When she was silent, he continued. “Have you ever looked at a painting that up close is just a blur of color and smudges? Thousands of strokes and dabs, paint layered on paint . . . and then you step back from it and discover that all those parts create an actual picture?”

“Yes.”

“Well . . . that’s kind of what I mean. And sometimes we look at the pieces with a picture already in mind. We think we know what we’re looking for.”

“Looking for a monster and missing the man?”

“Exactly.”

“But . . . the problem now, according to the papers, is that there are no suspects. No one has any idea who is doing this.”

“I’m not at all convinced anyone really wants to know,” he muttered. “It’s more exciting that way. The papers are full of assumptions. Assumptions are bad information. Bad information is worse than no information. Bad information makes you blind to the truth when it comes along.”

“What about feelings. Are feelings bad information?” she asked.

“Sometimes feelings are the worst information. Because we are attached to them. If you’re going to do this with me, Dani, you have to turn your feelings off.”

“Is that what you do?” she asked.

“Yeah. That’s what I do.”

“How convenient,” she murmured.

“I think so. It’s kept me from getting killed more times than I can count. It’s kept me alive. And I find that being alive is a great deal more convenient than being six feet under.”

She loosened the ties from her covering and pulled the scarf from her hair, thinking about that statement. Malone removed his own covering and washed up beside her at the sink, as silent as she.

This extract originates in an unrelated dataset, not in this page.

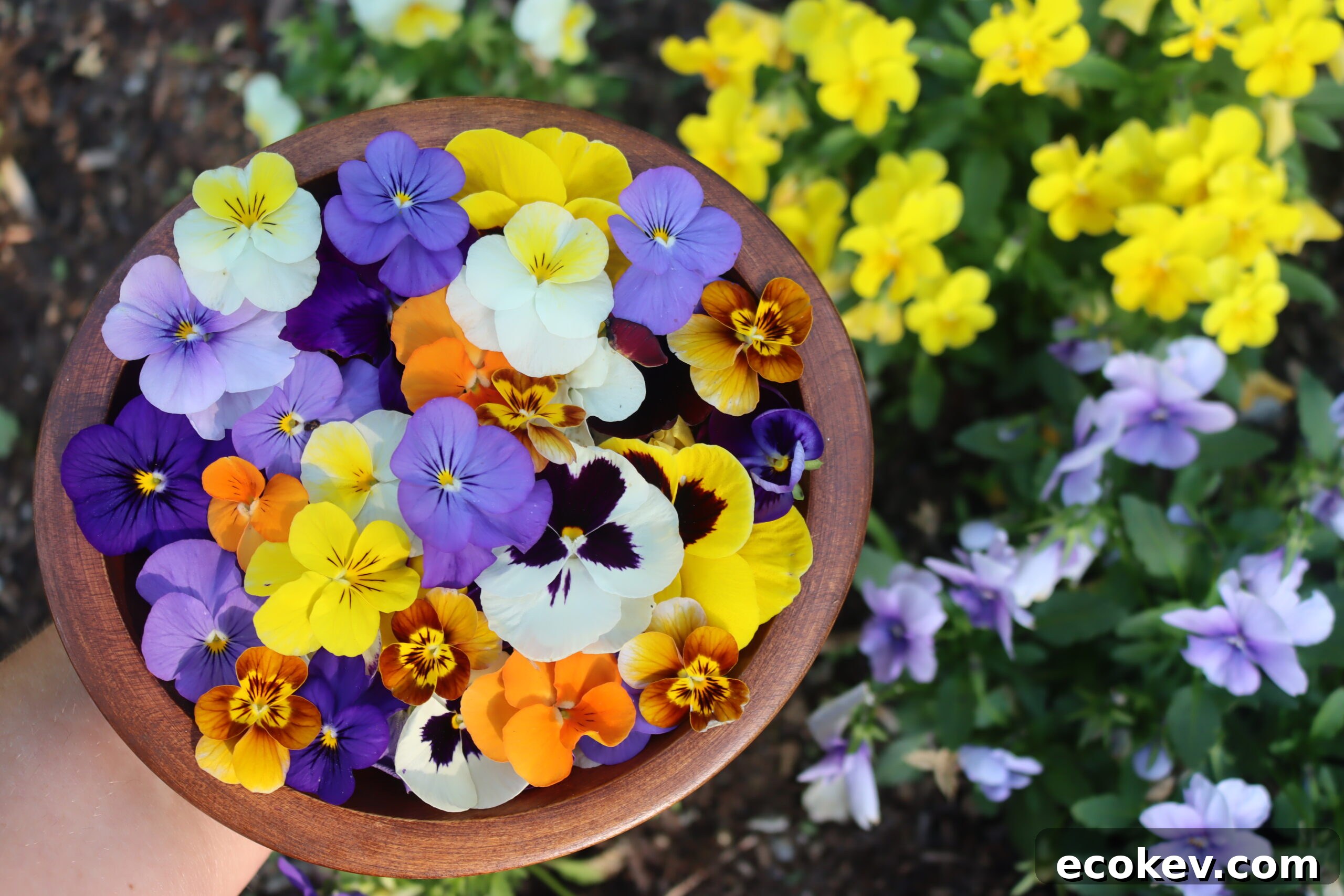 Pansy Recipes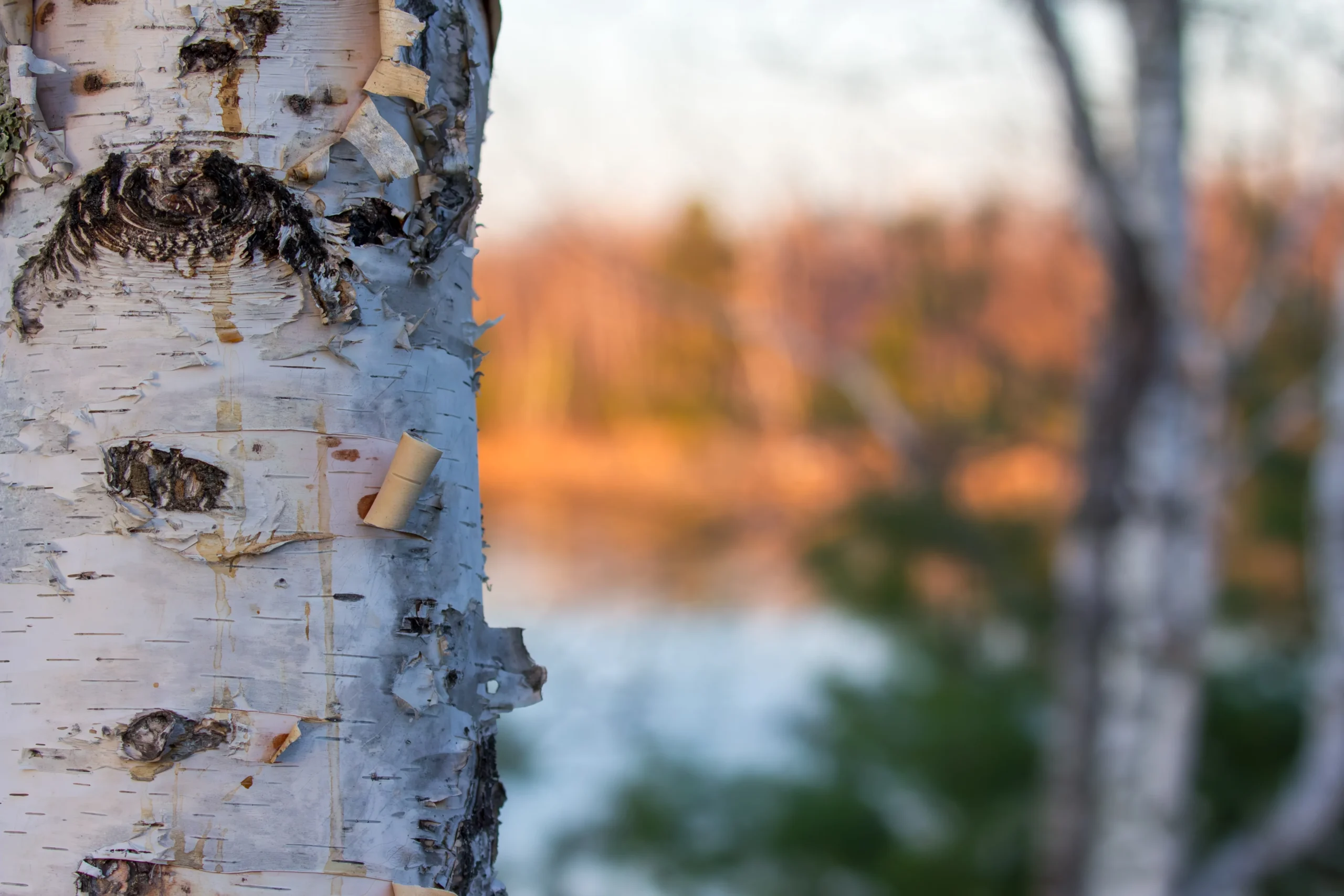Clump Paper Birch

“You said turning off your feelings has kept you alive. I’m not sure that’s true, Michael. Plus . . . a man without feelings might as well be dead,” she said, locking the door behind them.

He sighed. “Your heart is too soft for this, Dani Flanagan.”

“Hmm. Maybe so. But perhaps your heart is too hard.” She smiled a little to take the sting out of her words. “The truth is, the harder we are, the easier we shatter. It takes some softness to absorb life’s blows.”

15

He had two hours between the time they finished at the morgue and his weekly meeting with Eliot. They’d missed the week before due to Eliot’s schedule and had talked only briefly on the telephone the morning Malone had returned. Eliot had been curious about his train-hopping and also about a certain Miss Daniela Kos who had called him in great concern, but neither subject had been delved into. They’d kept it light and nonspecific, as they usually did, but there was much to discuss and Michael kept an eye on the time.